Once the line with "Produksi Ikan Di" is found in the material, write out that line and every later line exactly, through the end.

Task data:
*-*-*

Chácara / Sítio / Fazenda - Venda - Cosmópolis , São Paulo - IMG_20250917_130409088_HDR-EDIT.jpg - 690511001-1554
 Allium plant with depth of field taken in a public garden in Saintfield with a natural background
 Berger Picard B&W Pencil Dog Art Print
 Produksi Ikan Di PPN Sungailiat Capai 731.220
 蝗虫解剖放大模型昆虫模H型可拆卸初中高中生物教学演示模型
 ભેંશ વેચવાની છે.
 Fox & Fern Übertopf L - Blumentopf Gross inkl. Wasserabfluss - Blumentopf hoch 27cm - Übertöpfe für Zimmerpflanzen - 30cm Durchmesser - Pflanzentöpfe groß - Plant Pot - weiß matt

*-*-*

Exercise response:
 Produksi Ikan Di PPN Sungailiat Capai 731.220
 蝗虫解剖放大模型昆虫模H型可拆卸初中高中生物教学演示模型
 ભેંશ વેચવાની છે.
 Fox & Fern Übertopf L - Blumentopf Gross inkl. Wasserabfluss - Blumentopf hoch 27cm - Übertöpfe für Zimmerpflanzen - 30cm Durchmesser - Pflanzentöpfe groß - Plant Pot - weiß matt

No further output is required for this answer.